DIRECTIONS FOR THIS TASK = Please begin with the line containing "111225 SNSD Taeyeon" and reproduce each line exactly until the records below end, without any pictures.

Image-text web data:

:::

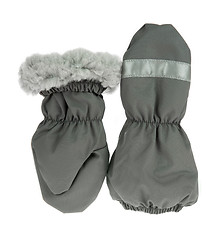 Image showing Children\'s autumn-winter mittens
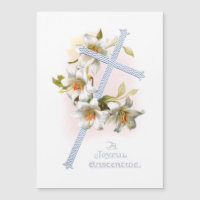 Vintages Silver Cross und Osterlilien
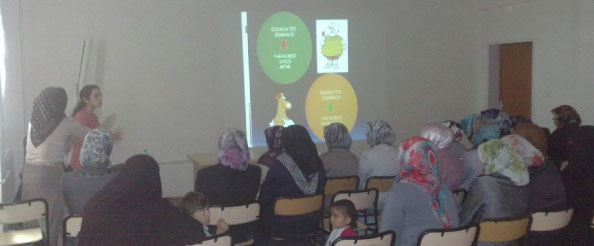 Velilere sağlıklı beslenme semineri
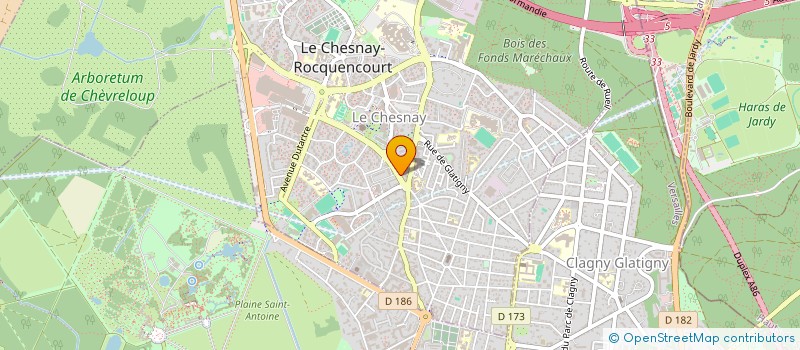 localisation de l'entreprise GYM COMPAGNIE  SAINT-NOM-LA-BRETECHE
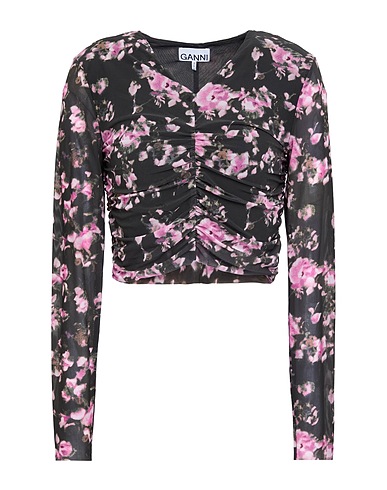 GANNI Top Braungrau 91% Recyceltes Polyamid, 9% Elastan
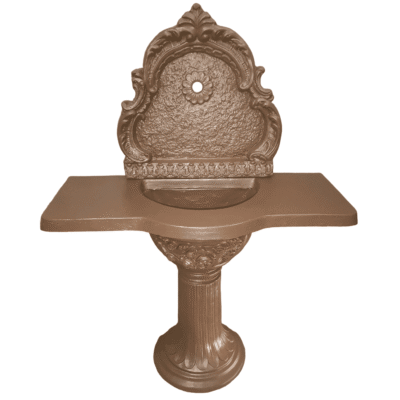 Стенна градинска чешма Astrea от бетон - кафява 3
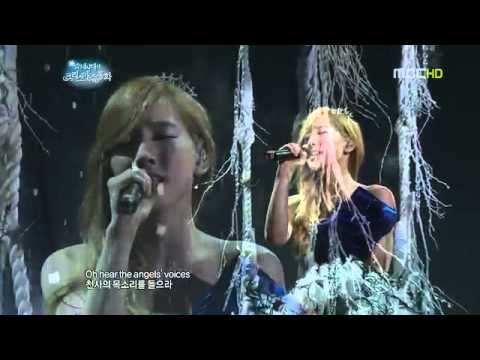 111225 SNSD Taeyeon - O Holy Night @ MBC X-MAS Special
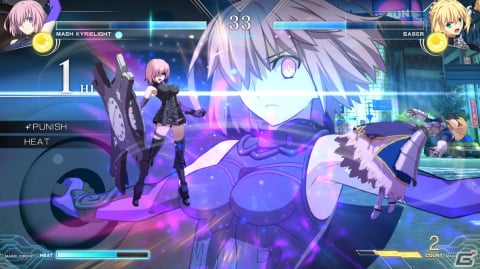 「MELTY BLOOD: TYPE LUMINA」追加キャラクター第3弾「マシュ」のバトル詳細やVS「セイバー」の対戦ムービー2本が公開！の画像19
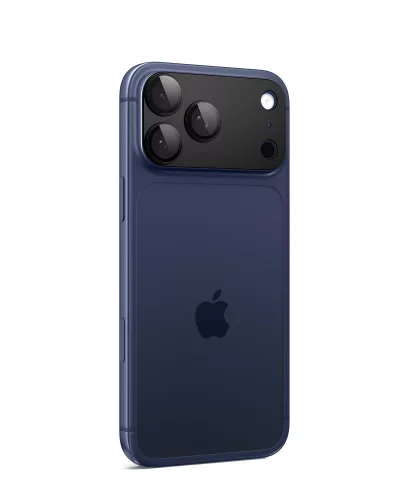 Spigen Optik Pro XL Glas.tR EZ Fit kameravédő Apple iPhone 17 Pro készülékhez – Fekete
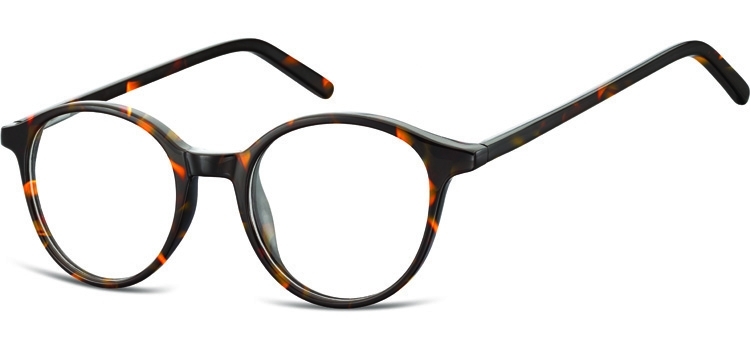 Okulary oprawki zerówki korekcyjne lenonki unisex sunoptic ac23a panterka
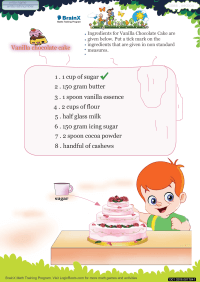 Vanilla Chocolate Cake worksheet
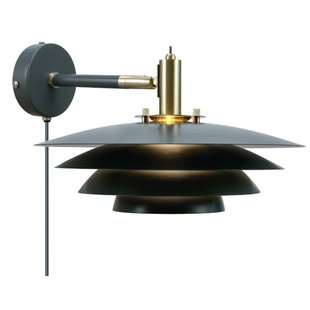 Nordlux Wandlamp Bretagne Grijs ⌀30cm G9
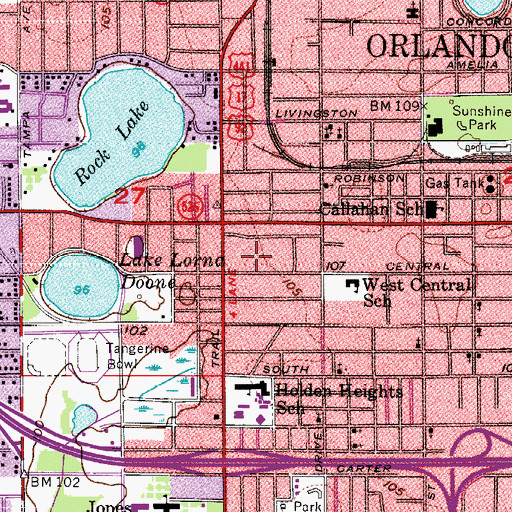 Topographic Map of Breathe of Life Restoration, FL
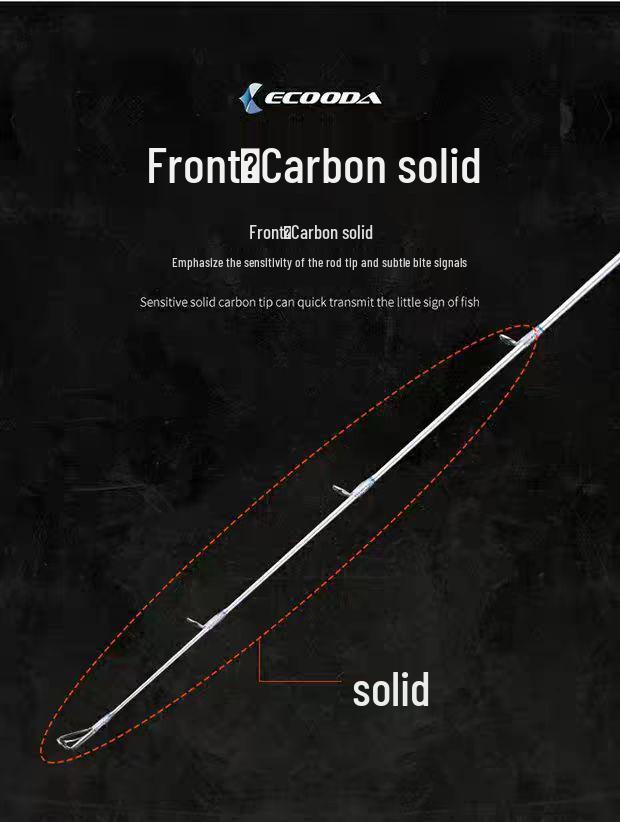 Ecooda Ultra-Light White Croaker Inshore Fishing Rod - High Sensitivity for Squid & Mackerel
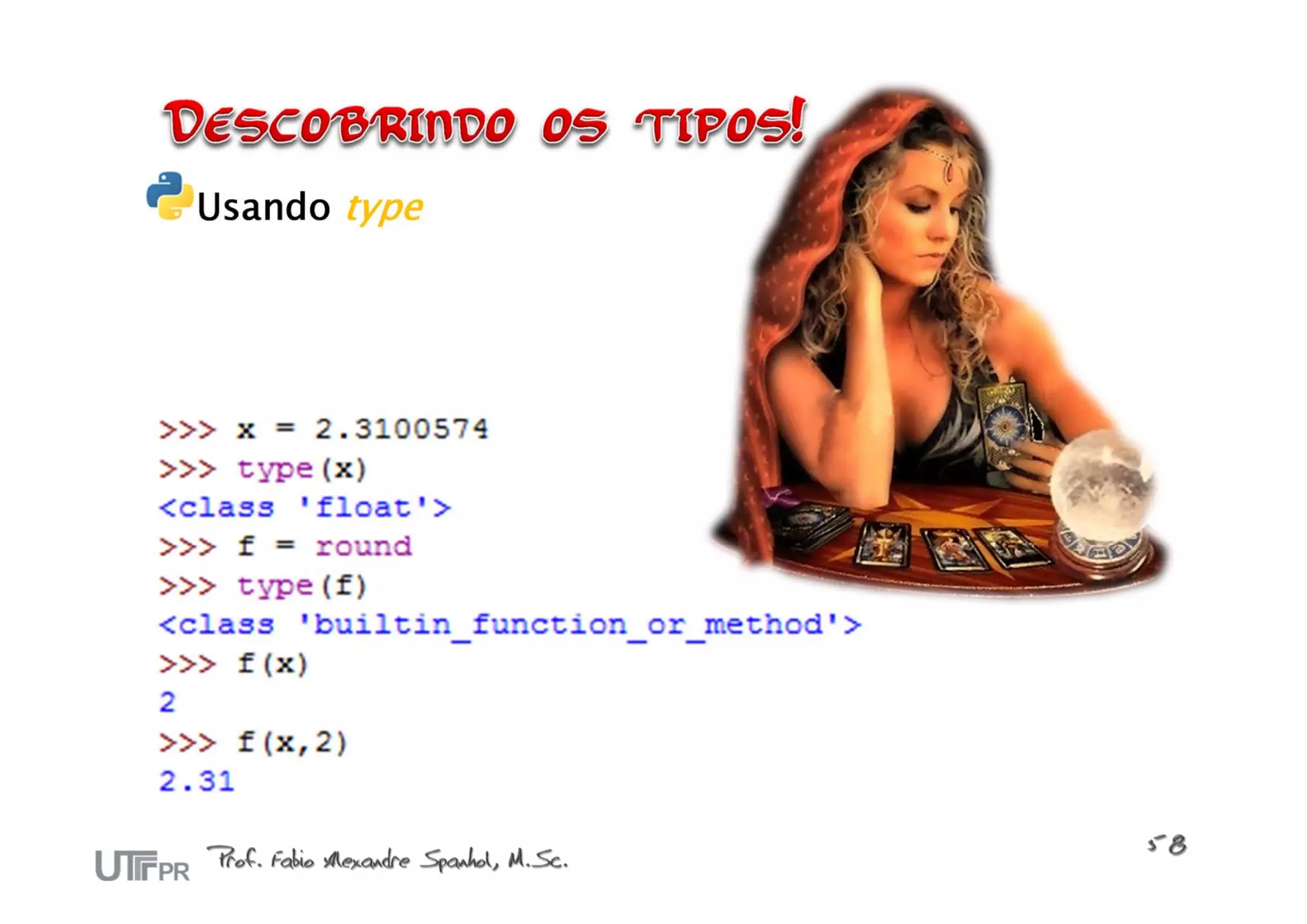 Usando type
 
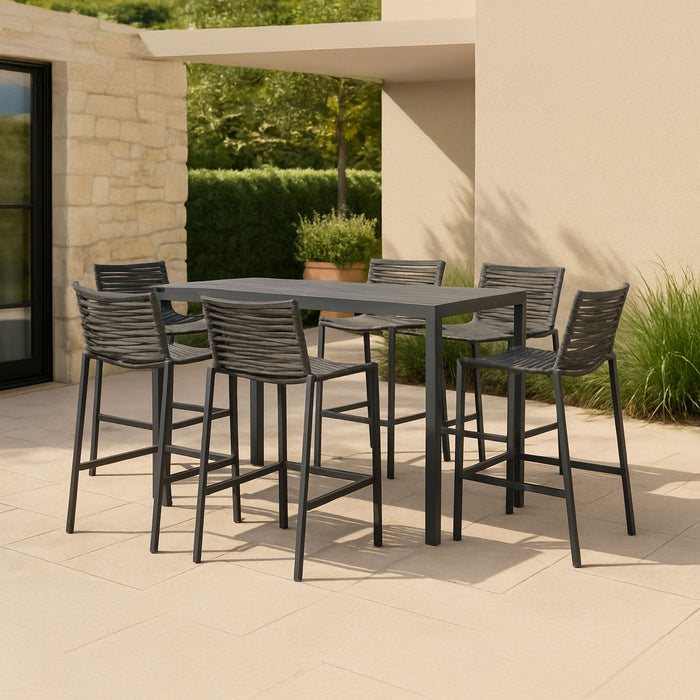 Maldives - Patio Rectangle Bar Table - Simple Home Plus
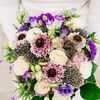 This Couple Filled Their Wedding at The Hotel Concord in North Carolina With Vibrant Pops of Purple
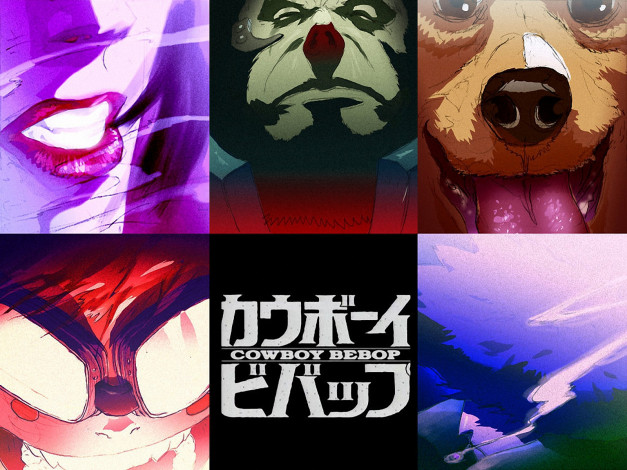 Обои картинки фото аниме, cowboy, bebop, ed, ein, spike, jet, faye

:::

EXERCISE RESULT =
 111225 SNSD Taeyeon - O Holy Night @ MBC X-MAS Special
 「MELTY BLOOD: TYPE LUMINA」追加キャラクター第3弾「マシュ」のバトル詳細やVS「セイバー」の対戦ムービー2本が公開！の画像19
 Spigen Optik Pro XL Glas.tR EZ Fit kameravédő Apple iPhone 17 Pro készülékhez – Fekete
 Okulary oprawki zerówki korekcyjne lenonki unisex sunoptic ac23a panterka
 Vanilla Chocolate Cake worksheet
 Nordlux Wandlamp Bretagne Grijs ⌀30cm G9
 Topographic Map of Breathe of Life Restoration, FL
 Ecooda Ultra-Light White Croaker Inshore Fishing Rod - High Sensitivity for Squid & Mackerel
 Usando type
 
 Maldives - Patio Rectangle Bar Table - Simple Home Plus
 This Couple Filled Their Wedding at The Hotel Concord in North Carolina With Vibrant Pops of Purple
 Обои картинки фото аниме, cowboy, bebop, ed, ein, spike, jet, faye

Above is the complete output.